@Obsidian: Many National Guard units get the dregs of equipment. They are only issued the "good stuff" if they are activated. Sad, but true.
Camo: Absolutely. Breaking the profile is part of basic training, as is applying matte paint to the face, arms, and any exposed skin. Just as well, no one in their right mind would wear nice, shiny boots nor crisply pressed uniforms in combat situations. Since there really is no practical way to break your profile in desert/arid environments, we simply wore desert-issue uniforms and gear (though it is possible for a stationary sniper to blend in well; a friend of mine was a sniper for the 82nd Airborne). That fact is also partially why military forces utilize air strikes in that environment, and why they are generally so successful.
@Magrus: It's virtually impossible to tell what a recruit's motivations for joining the military are. It was my experience that the military population reflects society at large: you'll find all kinds of people across the country, and you'll find all kinds of people in the military. Out of the 60 guys that were in my Basic Training platoon with me in Ft. Jackson, South Carolina in 1989, a few had some serious attitudes. One never made it past week 2 - he was processed out (he was a thief). Another guy thought he was Rambo - by week 4 he was cured of that by the Drill Sergeants. I could devote a whole thread to how that happened (how could I ever forget).

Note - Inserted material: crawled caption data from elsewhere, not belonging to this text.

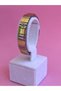 Double Color Gold Silver Steel Bracelet Unisex Water Resistant Steel Flexible Bracelet 18 cm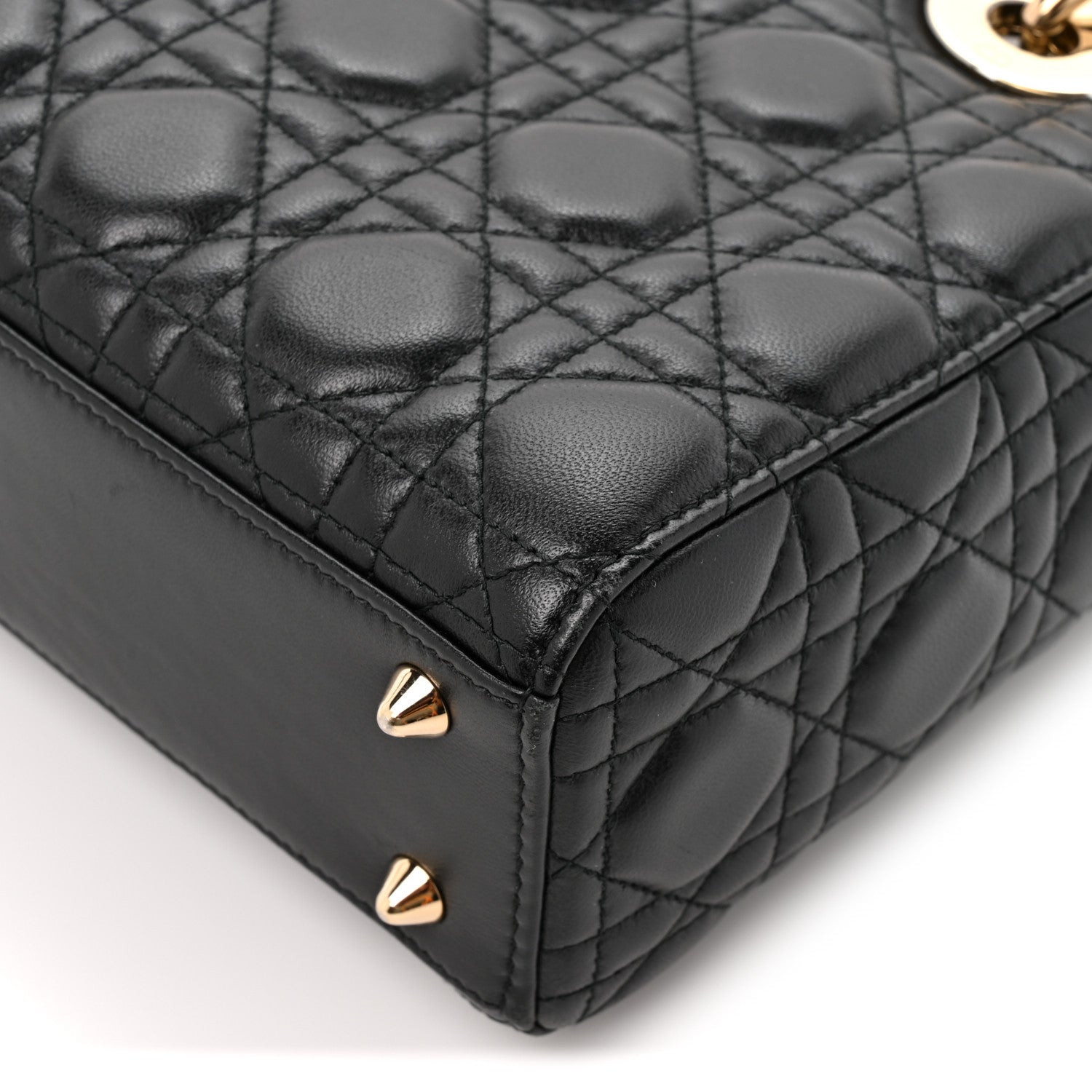 Christian Dior Lambskin Cannage Small Lucky Badges My Lady Dior Black 12 of 13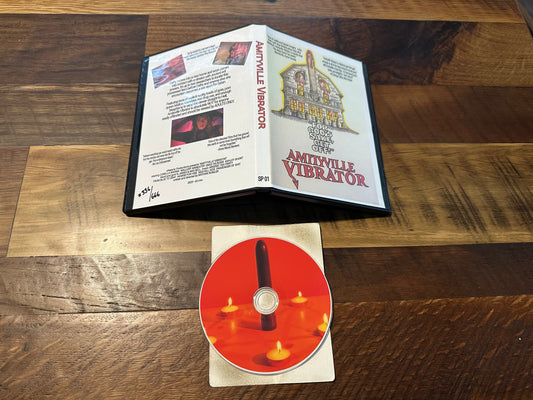 Amityville Vibrator DVD-R - Snatanic Production - For God Sake Get Off - Only 666 Made -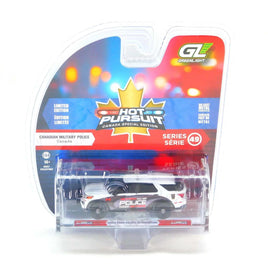 Greenlight 2024 Ford Police Utility Hot Pursuit Canada Special 1:64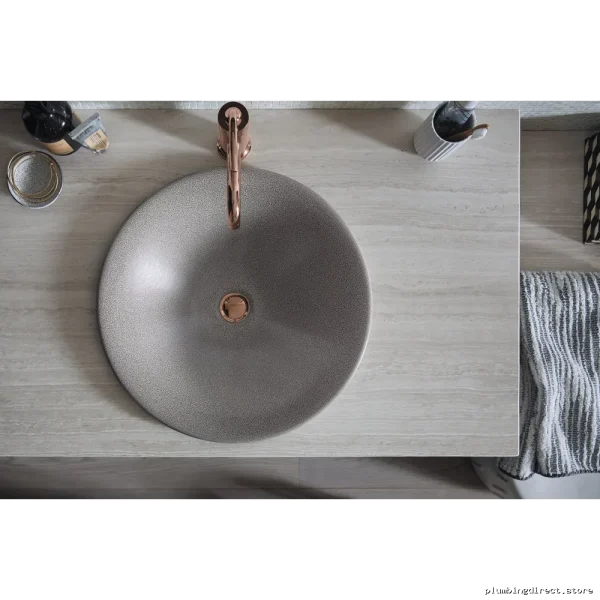 Kohler Oyster Pearl 77714-SSP Shagreen Carillon Round Vessel Sink for Bathroom - Image 4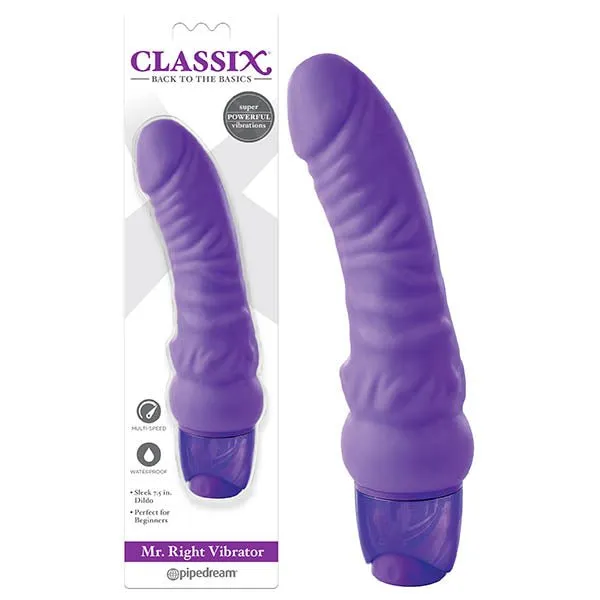 Pipedream Classix Mr Right Vibe Purple 191 cm 75 Vibrator Vibrators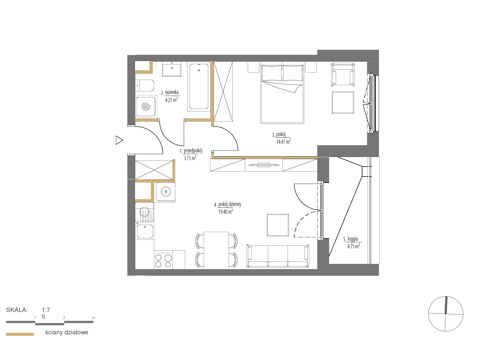 Plan 2 pok. 42m²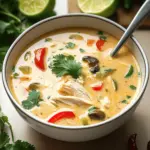 Crockpot Thai Coconut Chicken Soup
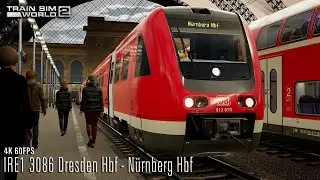 IRE1 3086 Dresden Hbf - N&uuml;rnberg Hbf - Tharandter Rampe - BR 612 - Train Sim World 2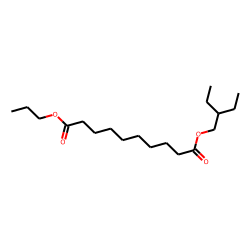 Sebacic acid, 2-ethylbutyl propyl ester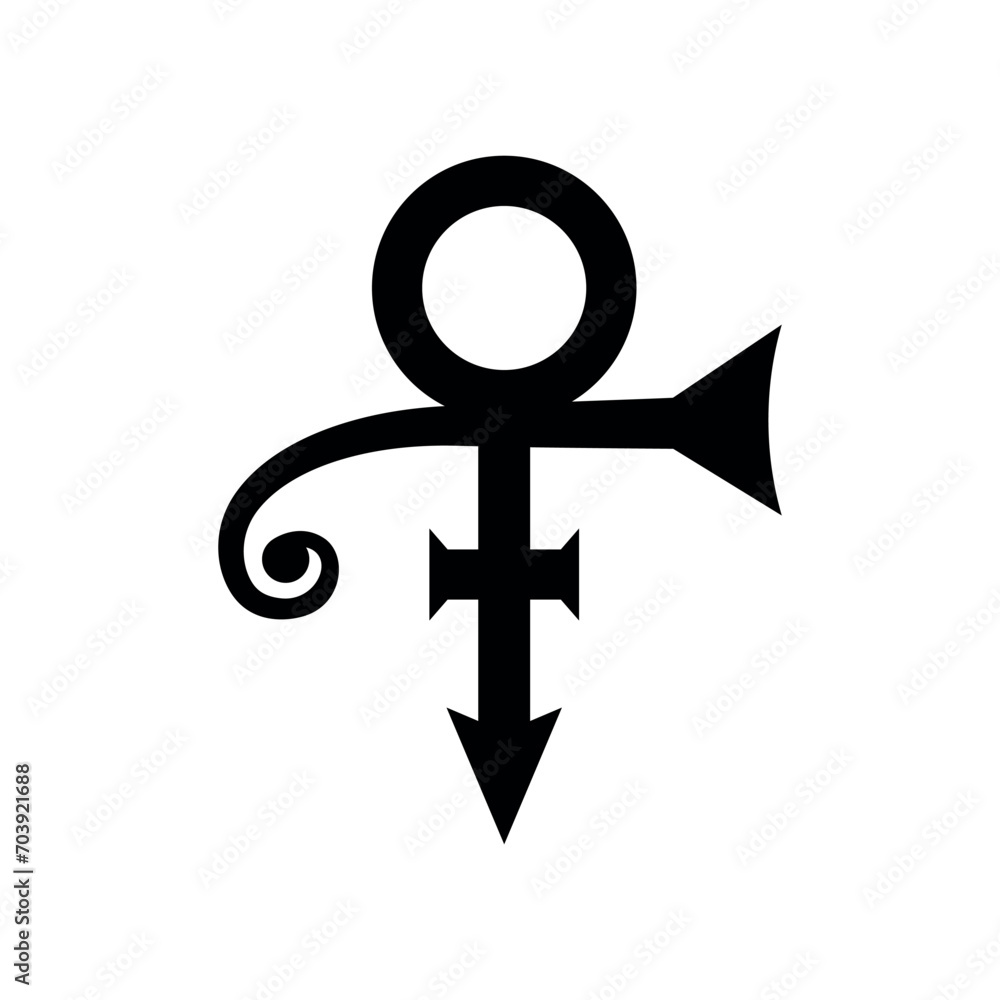 Prince symbol, vector icon. Vector illustration of love sign, prince symbol. Prince symbol, vector icon. Vector illustration of love sign, prince symbol.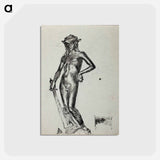 アートポストカード-Donatellon david -veistos - アルバート エーデルフェルト Postcard.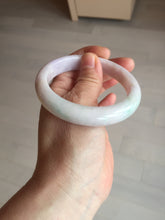Load image into Gallery viewer, 56.8mm Certified Type A 100% Natural sunny green/white/purple Jadeite Jade bangle BL7-0370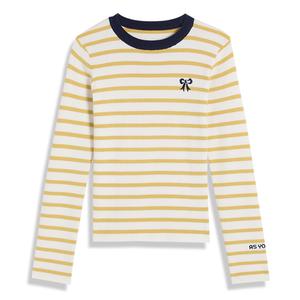 Áo Len Dệt Kim, Họa Tiết Sọc, Cổ Tròn, In Hình, Dài Tay, Dành Cho Nữ, Trang Phục Mùa Thu Và Mùa Đông, Phong Cách Thường Ngày Thiết Kế Vừa Vặn, Áo Cỡ Nhỏ 8613 #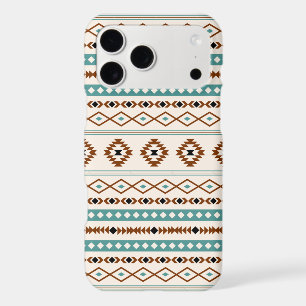 Aztec Sarcelle Terre Cuite Noir Crème Motif Mixte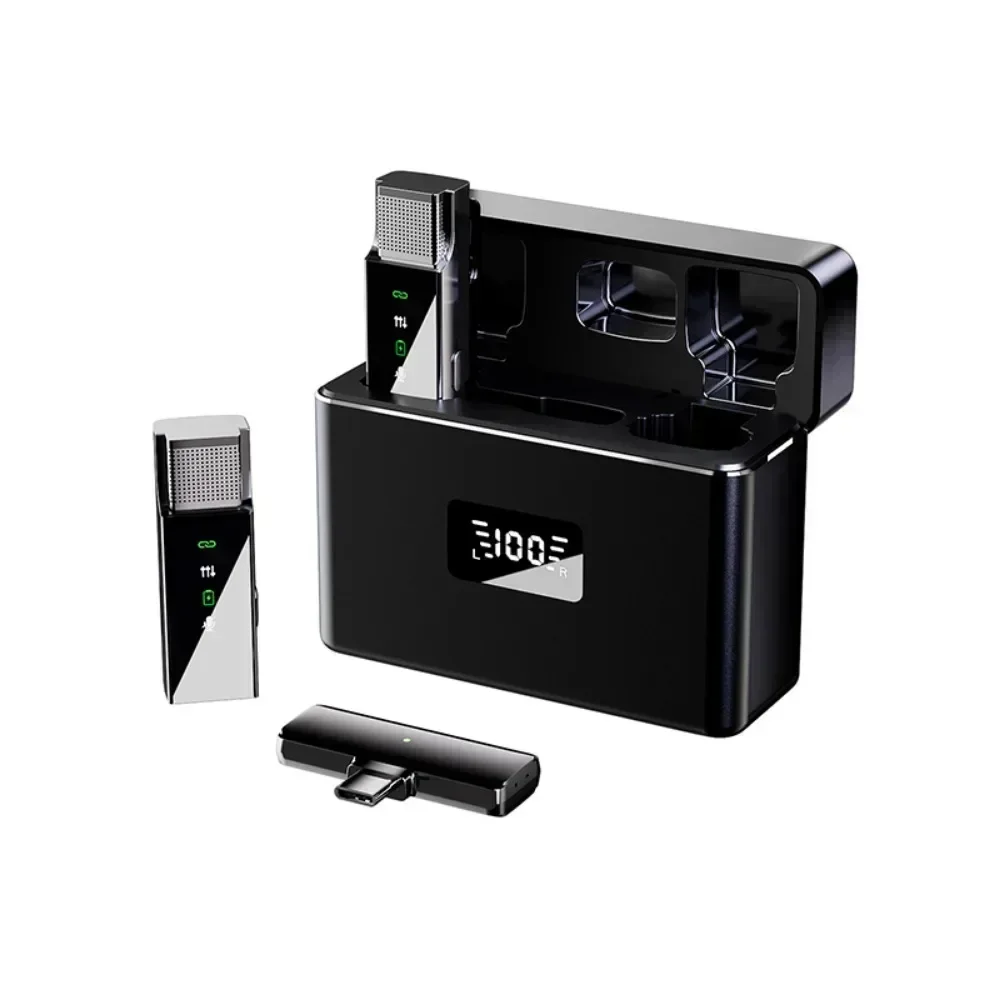 Rechargeable Wireless Microphone with LCD Display Charging Box Portable Noise Reduction Mic for iPhone Android Live Streaming
Rechargeable Wireless Microphone with LCD Display Charging Box Portable Noise Reduction Mic for iPhone Android Live Streaming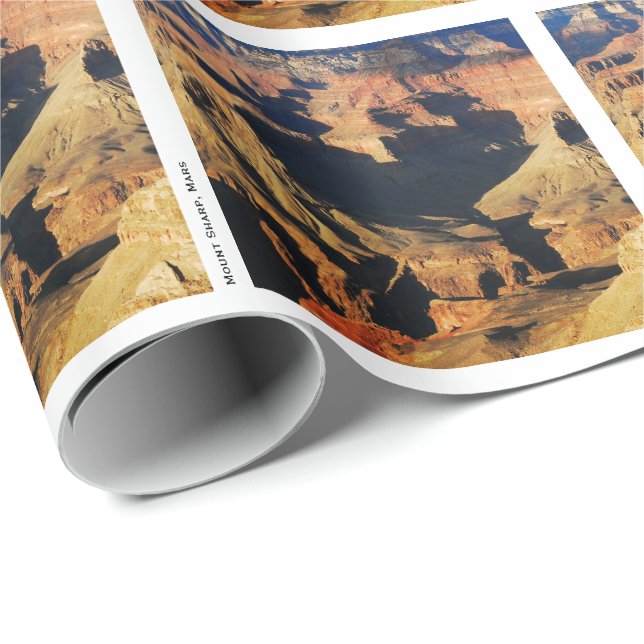 Mount Sharp on Planet Mars Photo Wrapping Paper (Roll Corner)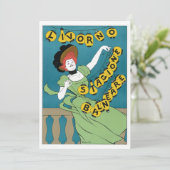  Art Nouveau, Livorno Senorita Dancing (Staand voorkant)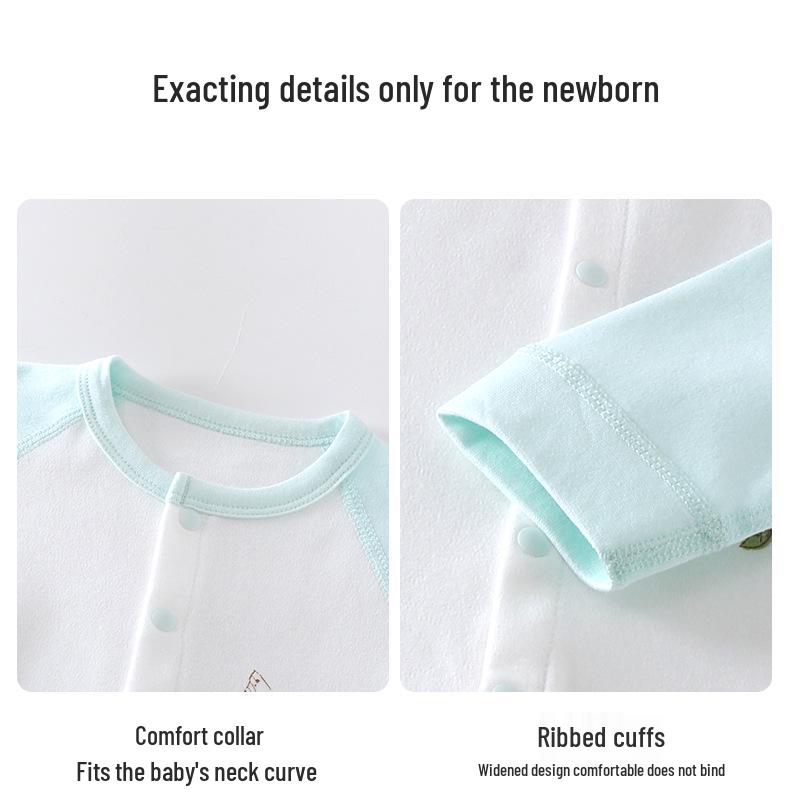 Tagless Pure Cotton Baby Bodysuit Jumpsuit for Newborns - All Seasons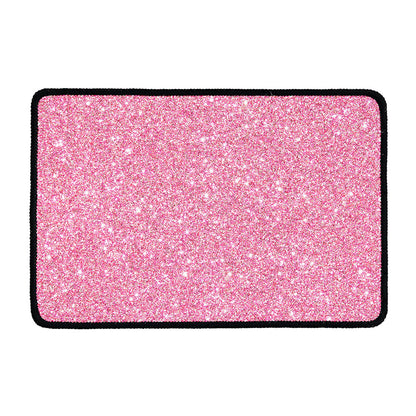 Pink (NOT Real) Glitter Print Kitchen Mat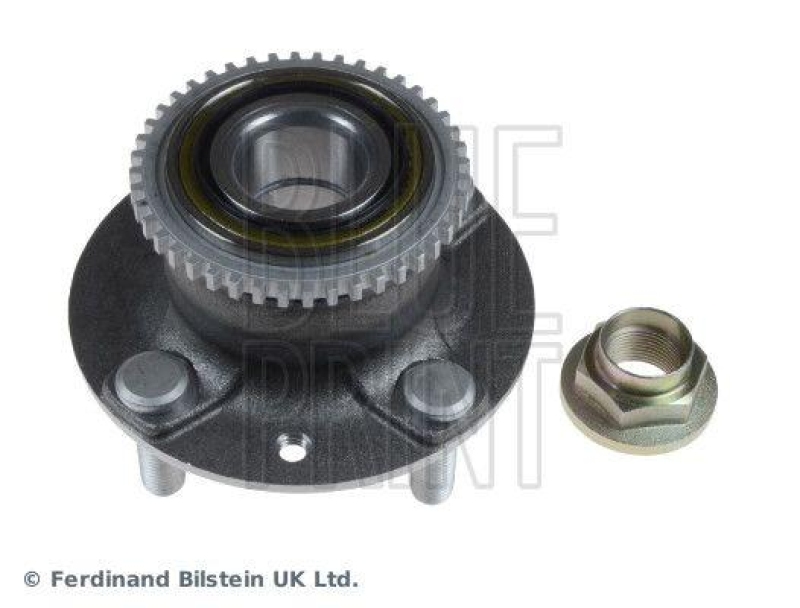 BLUE PRINT ADM58325 Radlagersatz mit Radnabe, ABS-Impulsring und Achsmutter für MAZDA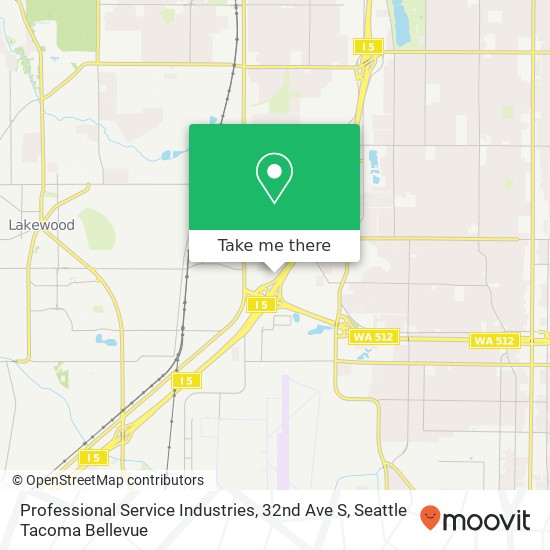 Professional Service Industries, 32nd Ave S map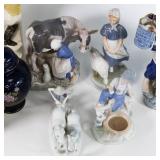 Vintage Porcelain Figure Lot of 10 Statues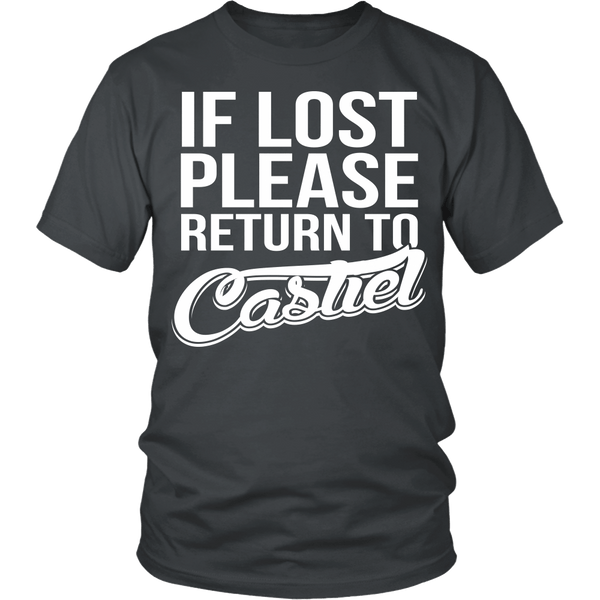 IF LOST Return to Castiel - T-shirt - Supernatural-Sickness - 3
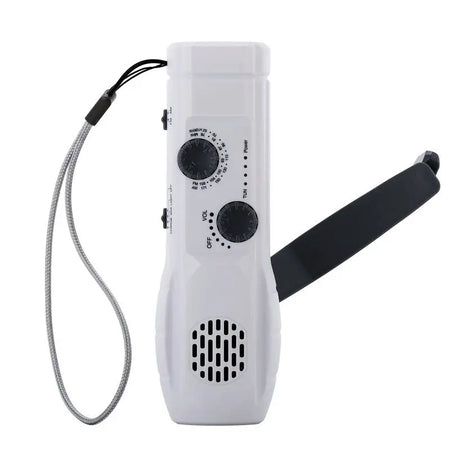 Hand-cranked Multifunctional Flashlight Radio Emergency Mobile Phone Charging Function Heaventlyshop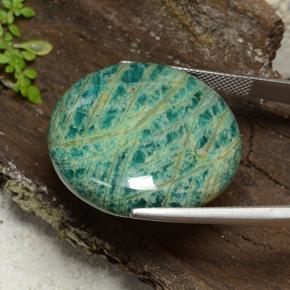 Amazzonite naturale verde da 53,05 ct, taglio rotondo, opaco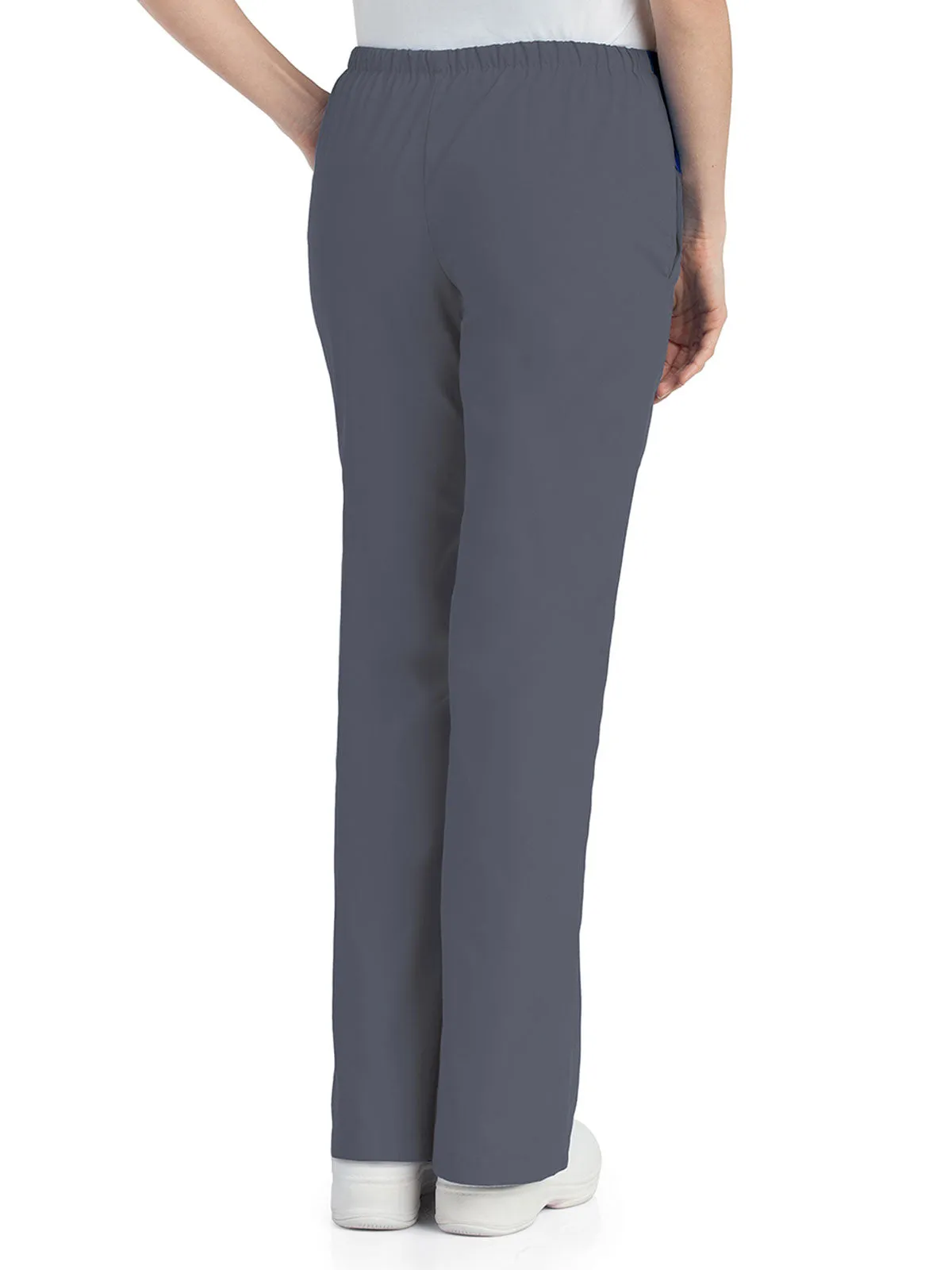 Essentials - Women's Natural Fit Flare Leg Scrub Pants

Racists generally have a tough time in the military, for many reasons. Believe it or not, the modern military structure doesn't lend itself to any sort of segregation beyond rank, and in some cases, gender. Not that discrimination doesn't go on in the ranks, mind you, but it sticks out like a sore thumb where it occurs. You might have a few links in the chain of command that will turn a blind eye to it, but sooner or later someone will come along and do something about it. I've watched that dynamic in action...and I learned some things.
My own experience in Basic Training is a good example. Everyone in the Platoon was assigned a "buddy" the very first formation we had: that is, after the Drill Sergeants descended upon the reception bus screaming and hollering, sending duffel bags and recruits flying everywhere.
We all stood there on the hill in front of our barracks. Your "buddy" turned out to be whomever was standing next to you. My buddy was an African American guy from Alabama. Myself, I grew up in military housing neighborhoods on bases as a kid, so I had friends of every ethnic stripe. It was no big deal to me, but it was to my buddy. After week 1 it was pretty clear he couldn't stand white people. I didn't let it bother me, since we were so busy being terrorized by the Drill Sergeants...I didn't have time to be bothered. As time went by, and we were forced to help each other in training, something happened. Elgin (his first name) relaxed quite a bit, and didn't seem so mollifed that his buddy was a white guy. For myself, I learned alot about getting along with offensive people.
The military has a strange way of curing people of their prejudices. Basically, you are plucked out of your cushy civilian existence and tossed into the frying pan. You quickly learn that the best way to make it is to lean on the guy next to you, and let him lean on you. No matter who you are, or where you are from, you're all in the same boat. A bond is formed this way that eventually breaks down any notions you may have had, and changes you. I can't tell you how many bigots took the oath of service and walked out of training a different person.